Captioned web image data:
%%
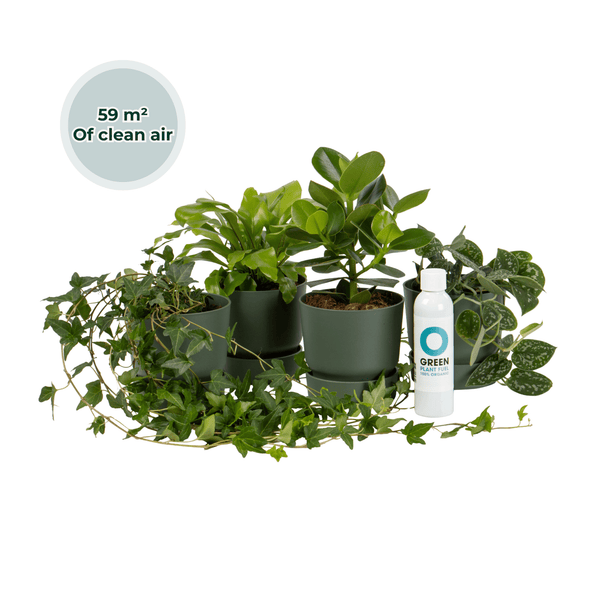 Ogreen - Forest kopen bij Green Bubble
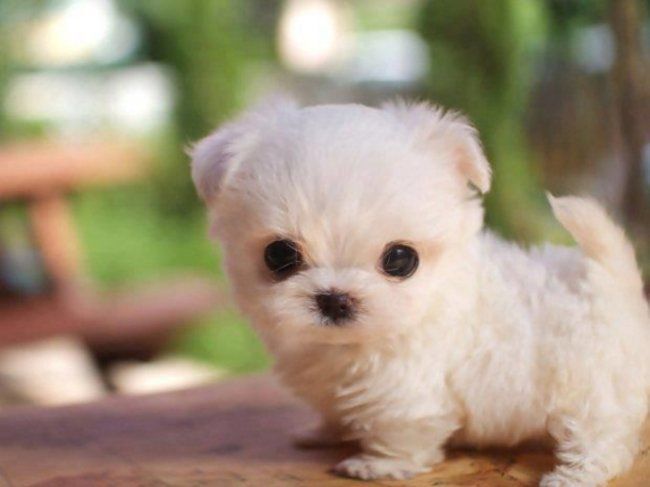 Los Perritos Mas Bellos Y Tiernos Que Jamas Hayas Visto Teacup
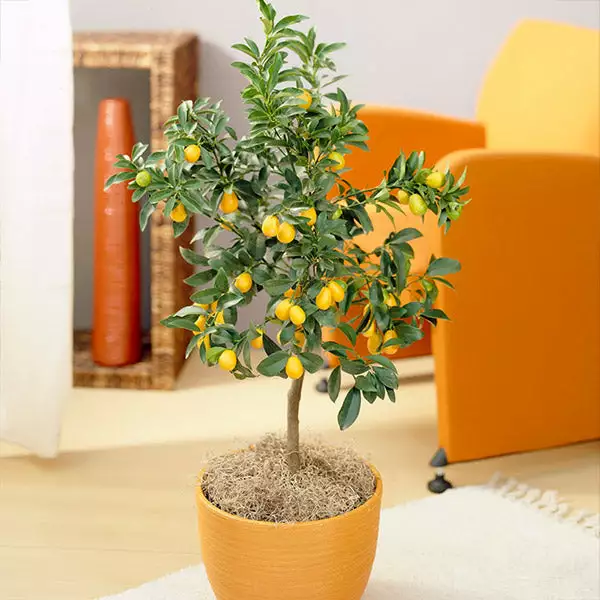 Fast Growing Trees Citrus Trees Nagami Kumquat Tree 3 Fast Growing Trees Citrus Trees Nagami Kumquat Tree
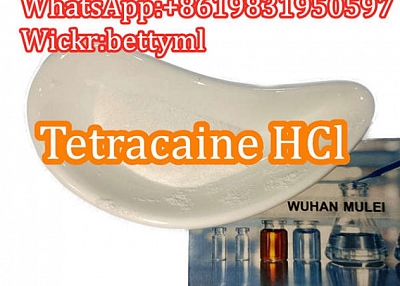 Cas:136-47-0 factory Tetracaine hydrochloride,tetracaine hcl powder favorable price safe delivery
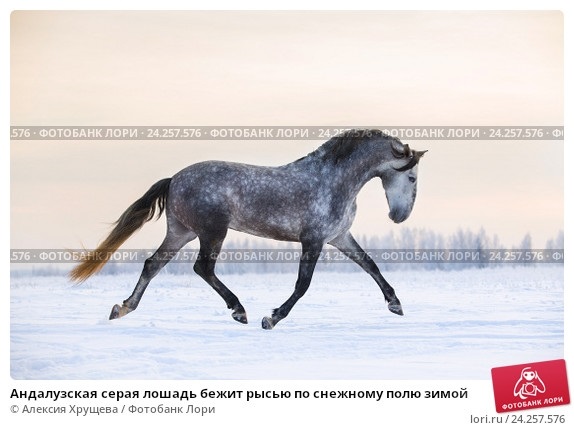 Лошадь lori014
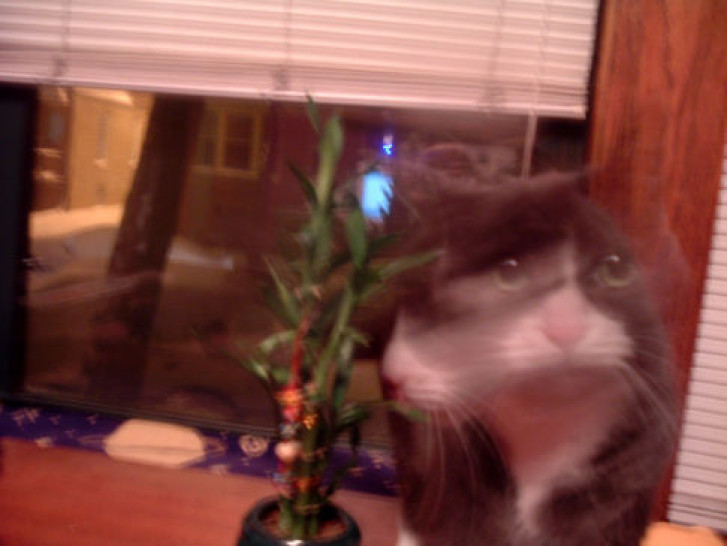 Picture of a cat / kitten / feline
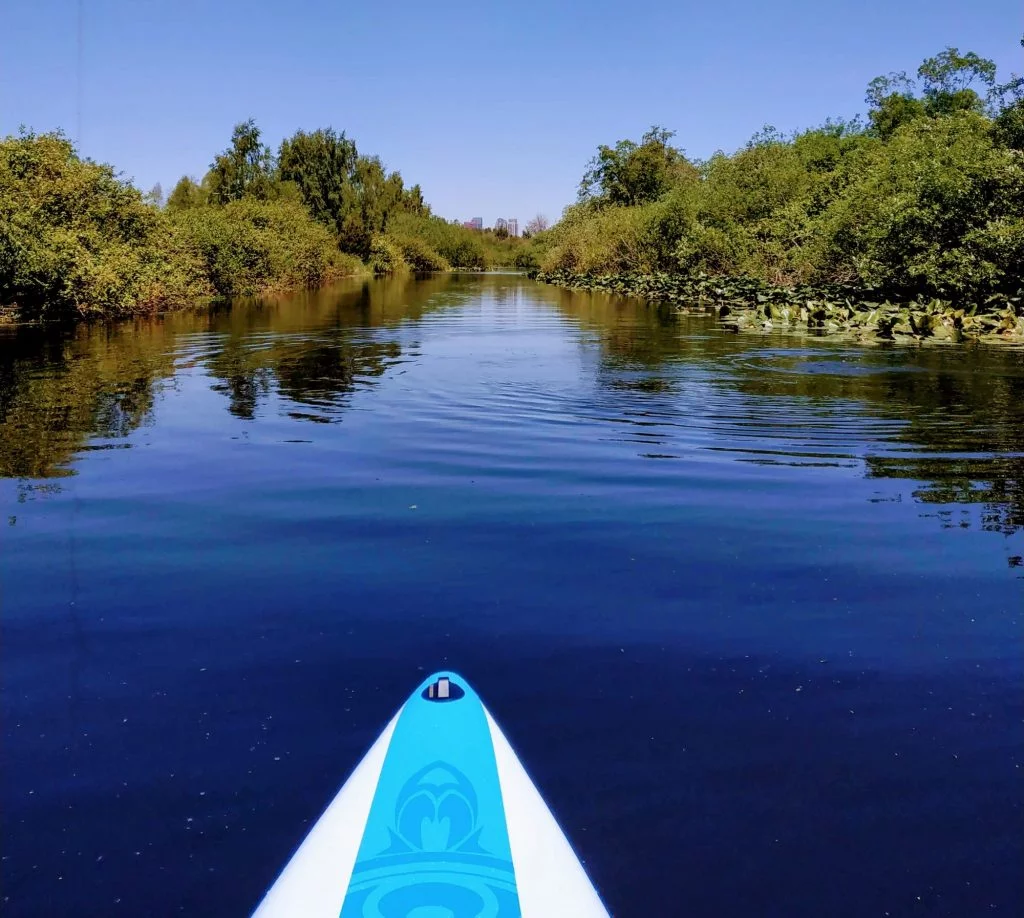 Paddleboarding in the mercer slough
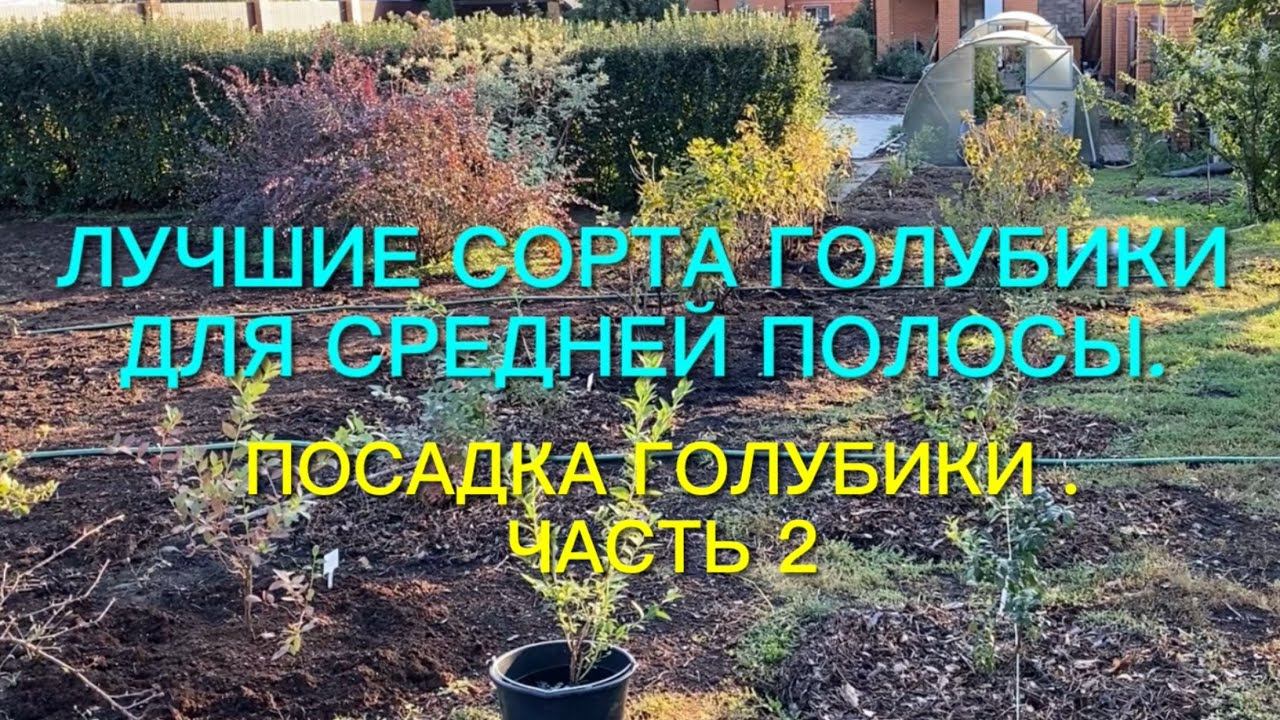 Лучшие сорта голубики для средней полосы. Посадка голубики. Часть 2. смотреть онлайн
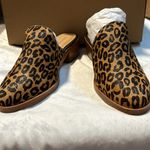 Soludos NIB Venetian Mules in leopard Photo 2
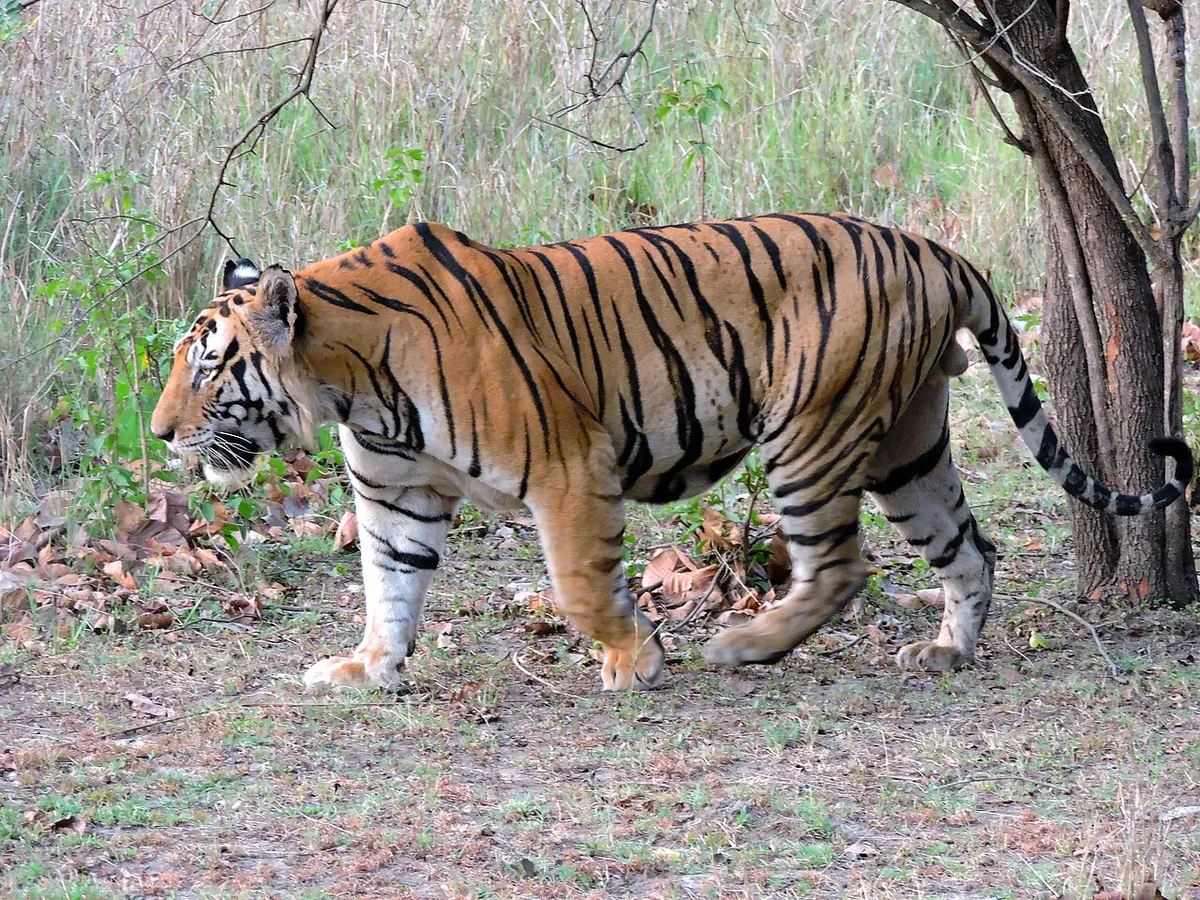 বেঙ্গল টাইগার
%%
**WHAT TO WORK ON**
The range to set down runs from the line containing "Лошадь lori014" through the final line of the data, both ends included; give it exactly and drop the pictures.

**FINISHED EXERCISE**
 Лошадь lori014
 Picture of a cat / kitten / feline
 Paddleboarding in the mercer slough
 Лучшие сорта голубики для средней полосы. Посадка голубики. Часть 2. смотреть онлайн
 Soludos NIB Venetian Mules in leopard Photo 2
 বেঙ্গল টাইগার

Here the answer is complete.